One plus is the asset sales are putting some older fields in the hands of operators who are more inclined to find ways to eke out more oil to extend the life of these fields, but that can only slow the decline.

Growth will depend on those exploring for new fields. Last year, the number of wells drilled was historically low, but those operators got lucky.

At the time the outlook was written, results from six wells were in and four of them resulted in discoveries holding up to 485 million BOE of oil and gas, based on the initial estimates of what might be producible.

More than half of it was in Glengorm, a high-pressure/high-temperature discovery made in the central North Sea by CNOOC.
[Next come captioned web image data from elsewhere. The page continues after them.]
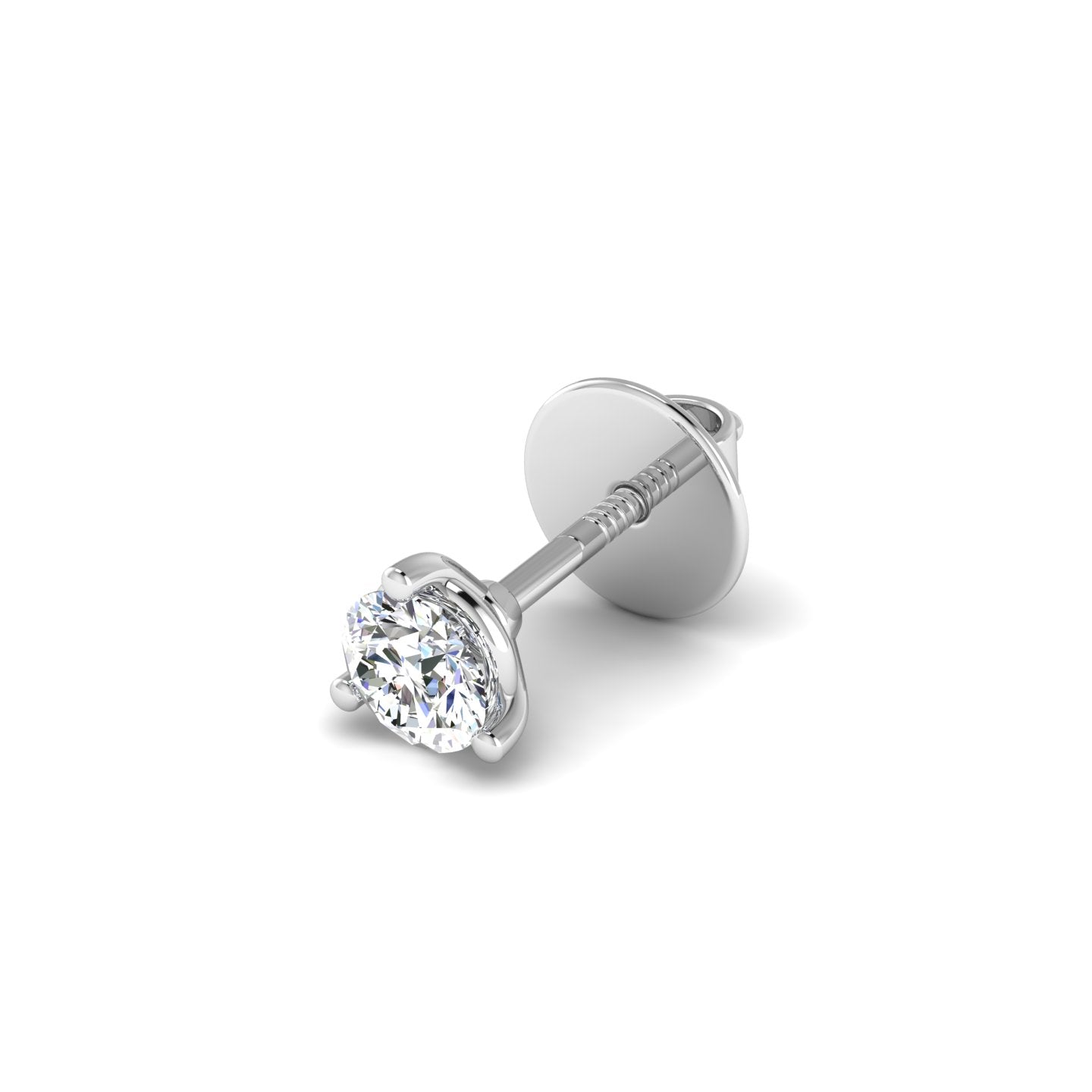 0.51 Carat Dazzling Solitaire Stud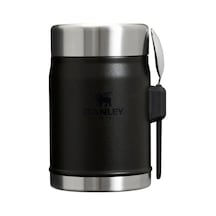 Stanley The Legendary Food Jar + Spork .4l / 14oz Siyah 2.0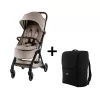 Britax Römer Set Stroller FLYLITE + free travel bag Teak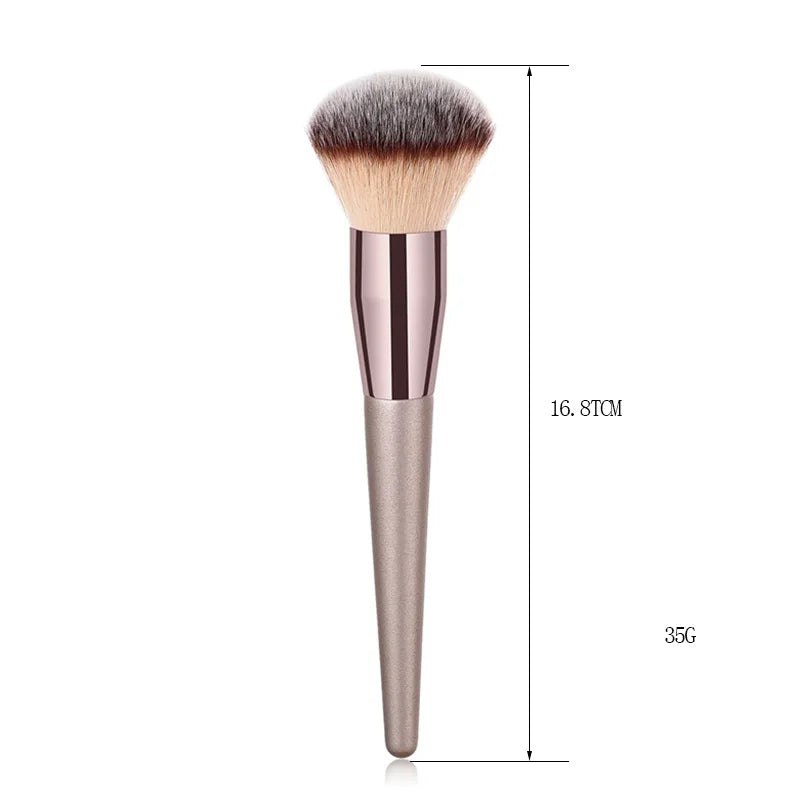 Soft Champagne Makeup Brushes for Women Cosmetic Foundation Powder Blush Eyeshadow Kabuki Blending Make Up Brush Beauty Tools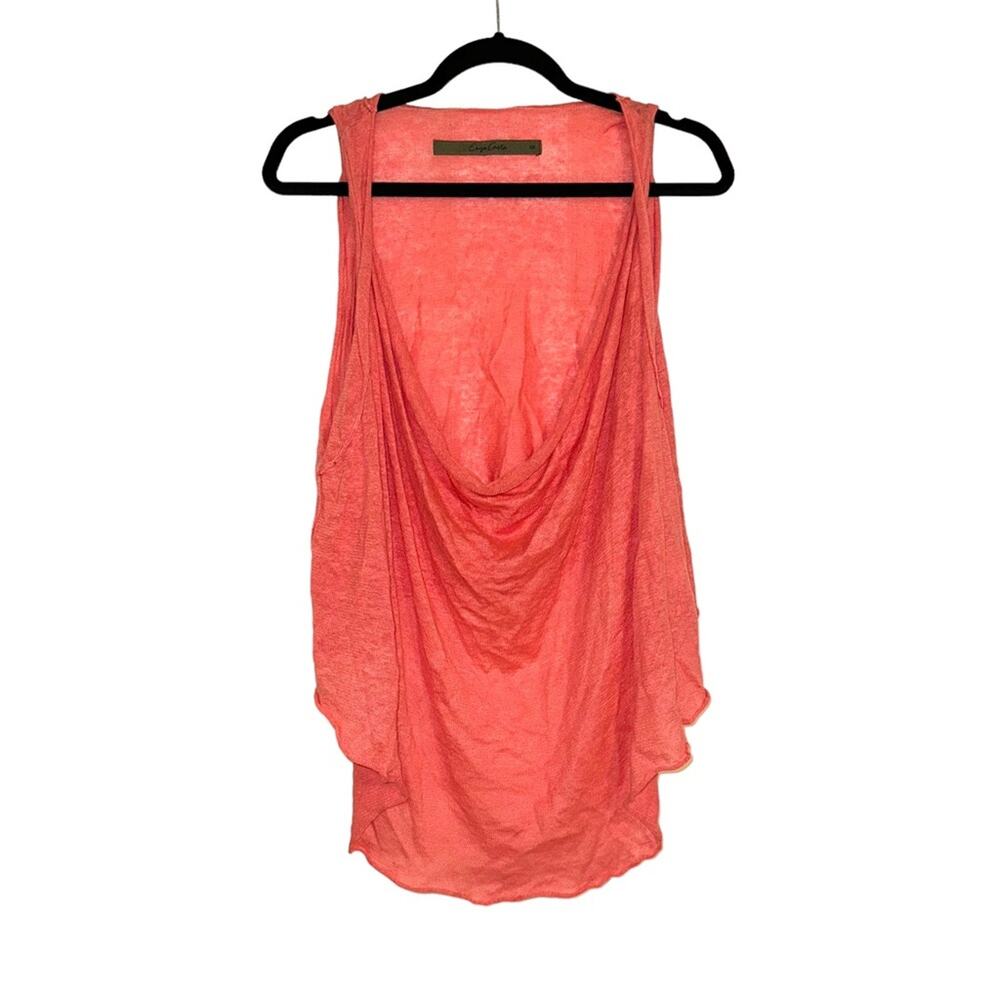 Enza Costa Linen Sleeveless Hi Low Top XS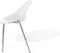 MUMFORD - Eetkamerstoel - Wit - Synthetisch materiaal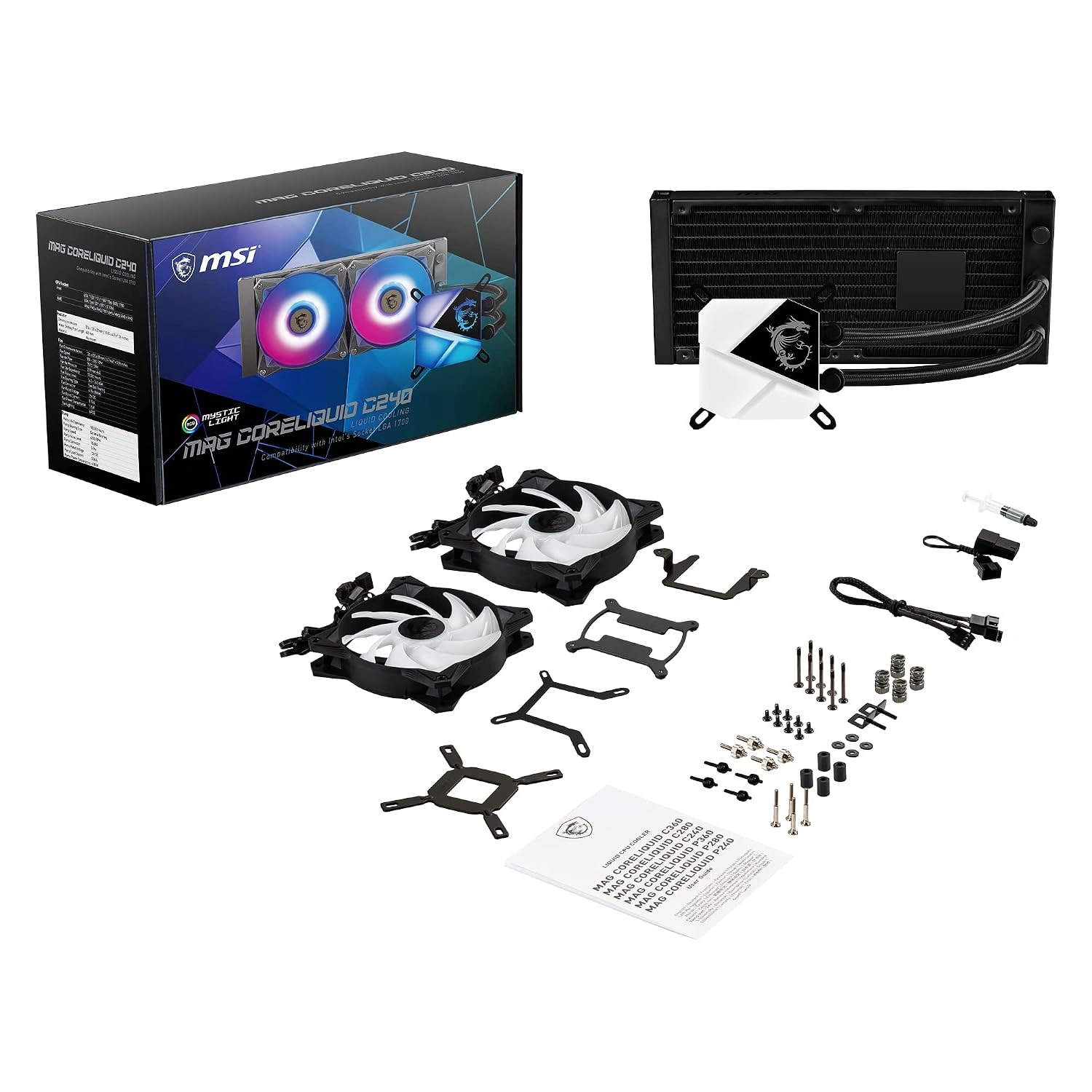 Water Cooling MSI MAG CoreLiquid 240 240mm ARGB - imagen 2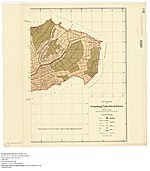 Gemarkung der Kernstadt Tauberbischofsheim, unterteilt nach West und Ost, um 1932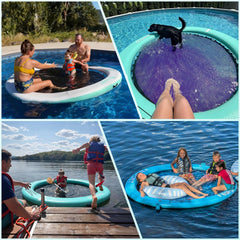 FBSPORT non-slip surface detail on floating platform for steady footing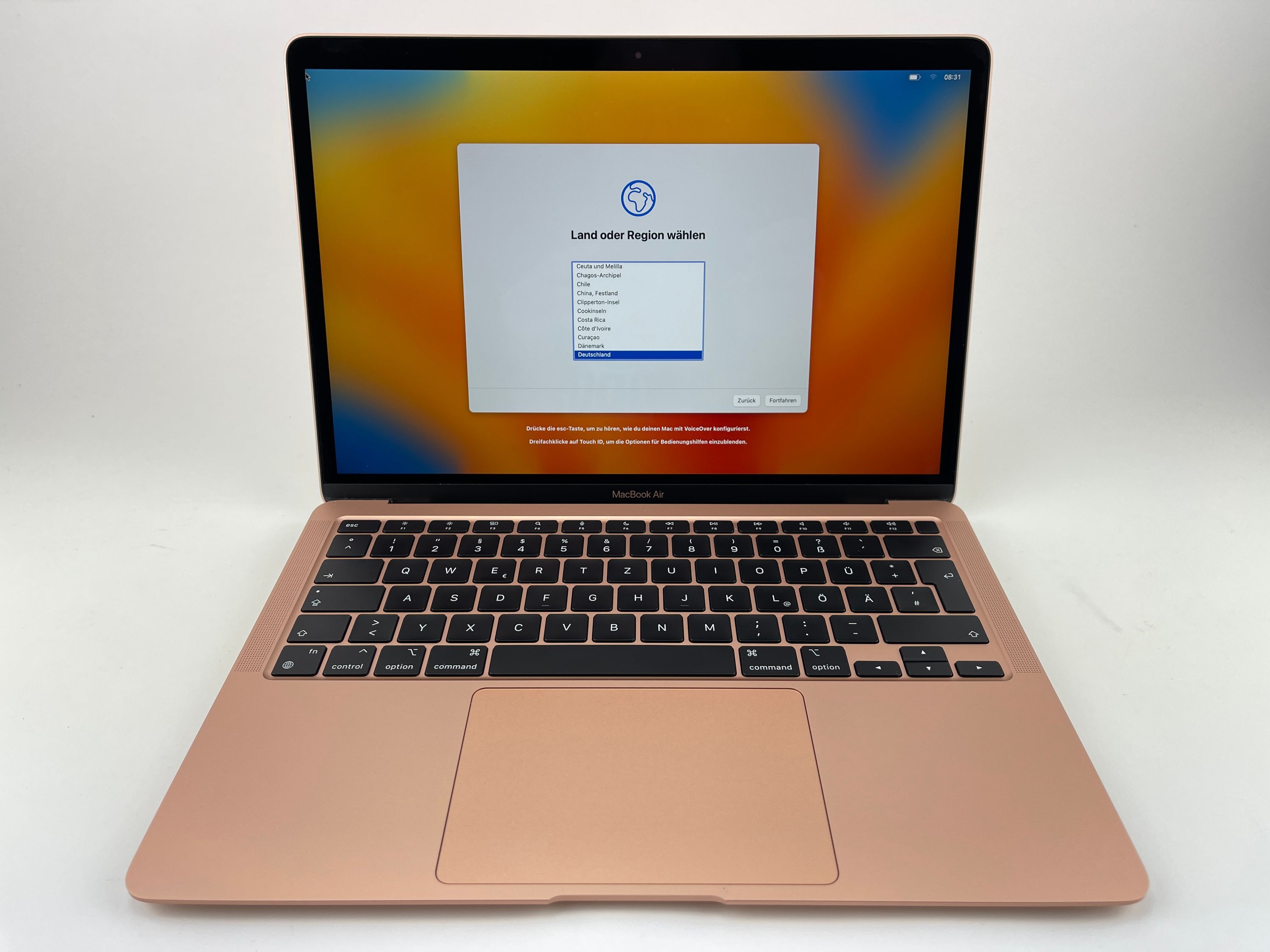 Apple MacBook Air 13" (2020) M1 8-Core - Gold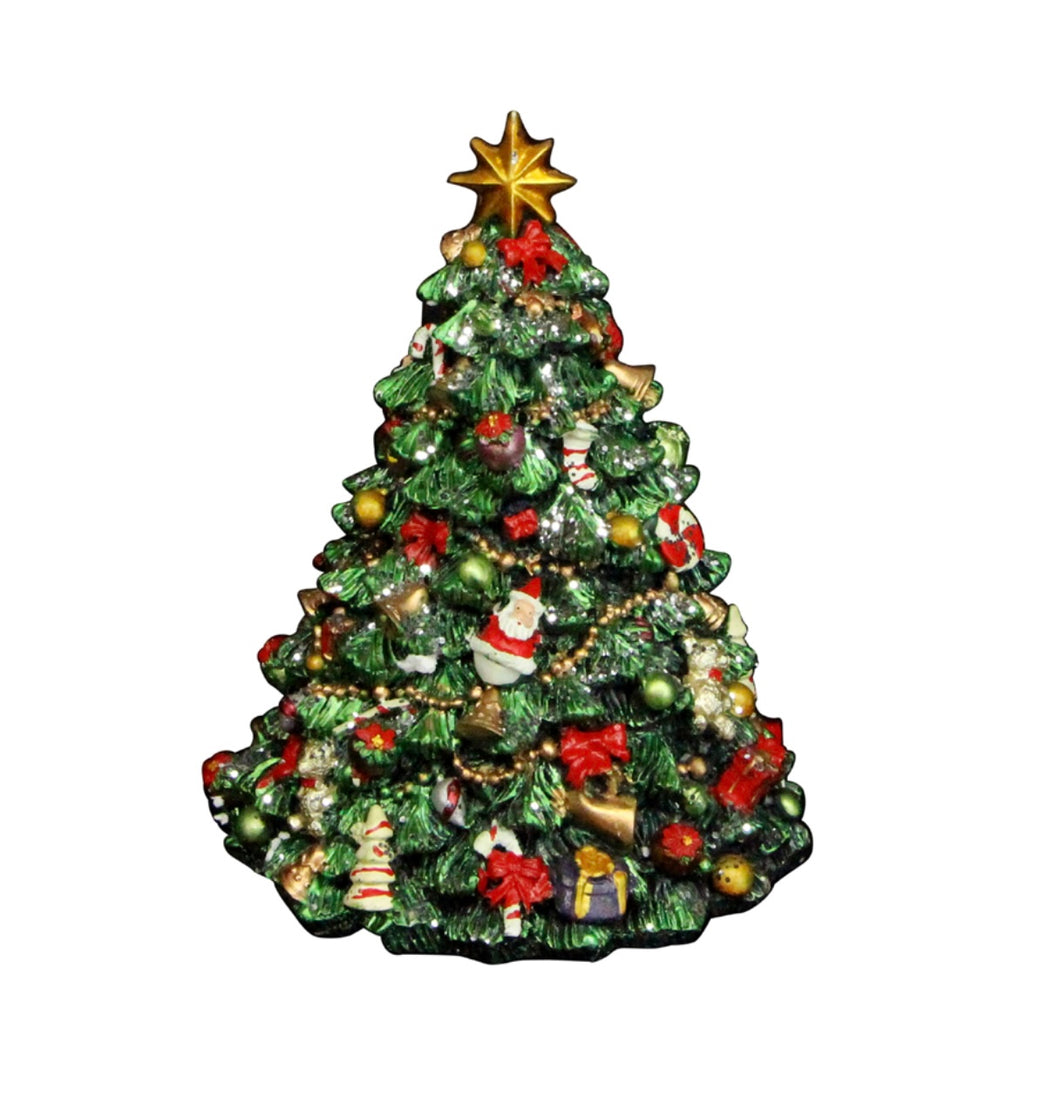 Gisela Graham Revolving Musical Tree Christmas Decoration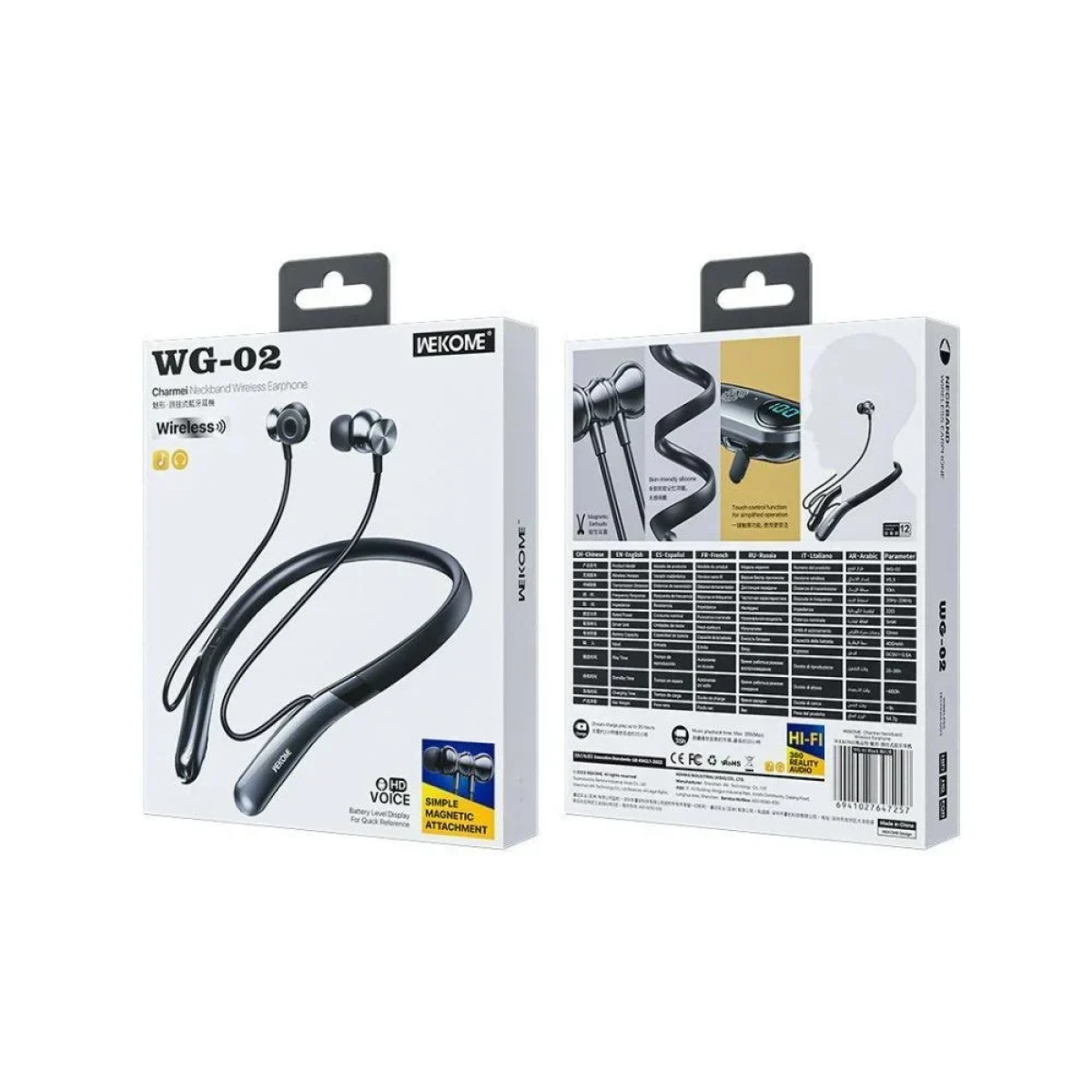WK WG-02 Earbud Bluetooth Handsfree Ακουστικά Μπλε - Photo3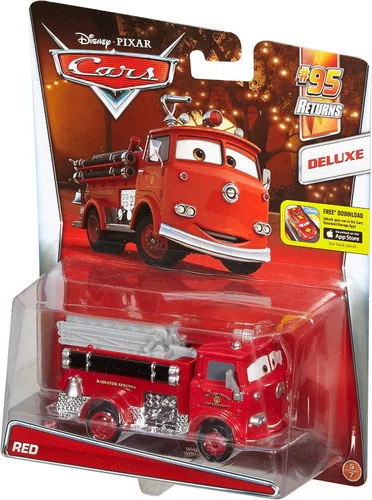 Vista 3 de Disney /Pixar Cars - Vehículo rojo de gran tamaño fundido a presión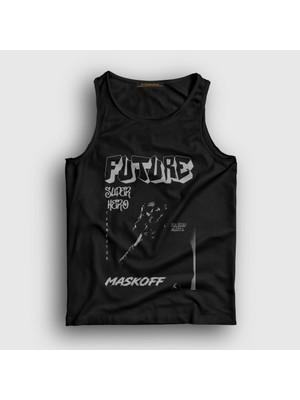 Presmono Unisex Siyah Super Hero Maskoff Future Atlet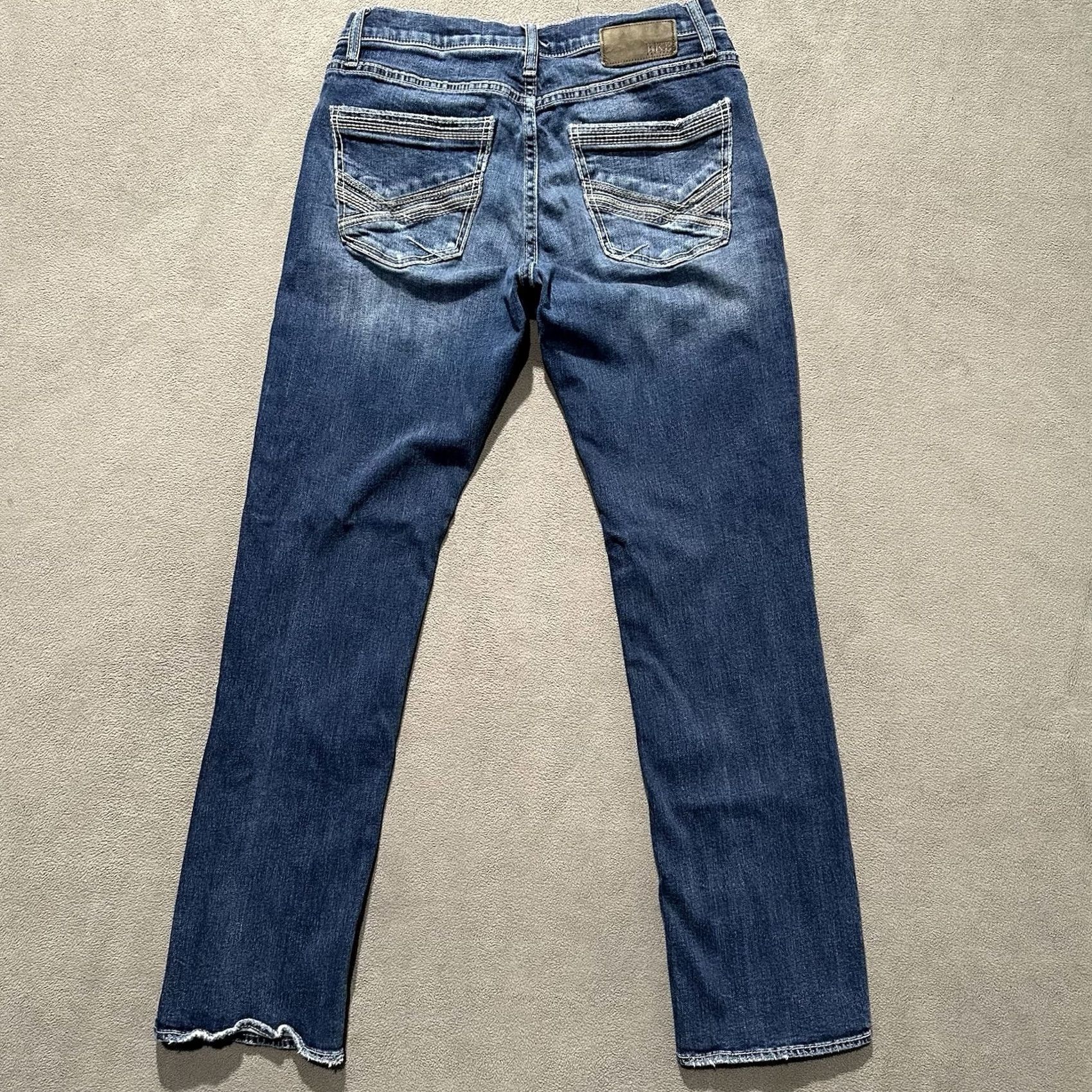 Vintage BKE Jake Jeans Mens 31x32 (30x30) Blue Straight Leg Denim Medium Wash Faded FUC Size US 31 - 2 Thumbnail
Explorers benefited from advanced seismic imaging in near production facilities where the geology is well understood, the report said. The proximity also reduced the time between discoveries and production. Apache managed to begin producing from its Garten field discovery in 8 months.

But, the report warned that “production cannot be sustained in the long term if drilling and wells activity remains low.”

The odds do not favor such big payoffs on such small exploration bets. The report points out that 20 more exploration wells were drilled offshore Norway to discover about the same volume of oil. Maintaining such a large edge, with comparable companies working in similar, mature basins, will be tough.

This year, drilling is expected to begin on 15 exploration wells in UK waters, including some “high-impact prospects” that could open up new plays, the outlook said. One of those is the Northern Gas Area west of the Shetland Islands, where a discovery at the “Lyon” well could justify construction of a gas hub allowing development of small discoveries nearby.

Development drilling, though, is once again to total about 85 wells, and is not likely to rise in the near term. The number of barrels added per development well drilled has been far greater than in the past. From 2014 to 2018 the number of development wells drilled was one-third of what it had been, but production has been rising.

Some of the productivity gains are sustainable. “Production has been supported by improvements in facilities, infrastructure, and reservoir optimization,” the report said. New drilling techniques allowed companies to reduce the number of wells required. For example, the Catcher field in the North Sea was developed using 18 wells, which is expected to result in the same recovery level as 22 wells.

Lower Cost/Barrel

Rising production over the past 5 years has reduced the cost of producing a barrel of oil, or its energy-equivalent of gas, from $15.30/BOE in 2014 to $11.40/BOE. This reflects rising production—the total is up by 20% since 2014—and a focus on reducing the cost of every aspect of exploration and production.

“Companies are looking to sustain recent cost reductions and will not allow unit operating costs (cost/BOE produced) to increase,” the report said.

Rising oil and gas prices improved cash flow for UK operators last year, but “budgets remain tight.”

One risk factor is a decline in the service sector, which has been a strength in this mature basin.

“There has been significant pressure on the supply chain in recent years. Drilling contractors have been amongst the most affected” due to reduced drilling, the report said. As a result, it said “a loss of capacity and resources within the drilling sector is a real threat to the ability of industry to meet any increase in drilling activity in a sustainable manner.” It predicted a tightening in the UK rig market this year as exploration drilling is expected to double.

On the plus side for the service sector, after years of capital spending declines, this may be the first year where service providers see an increase, though a small one.

Future budgets will remain tight. Oil and Gas UK formed a Well Forum to find and implement ways to reduce the cost of drilling and make the wells produced more productive.

The Oil & Gas Technology Centre in Aberdeen is working on developing new methods to increase the productivity and reduce costs by deploying new digital technology, extending the life of old assets, finding ways to develop marginal discoveries, and lowering the cost of decommissioning.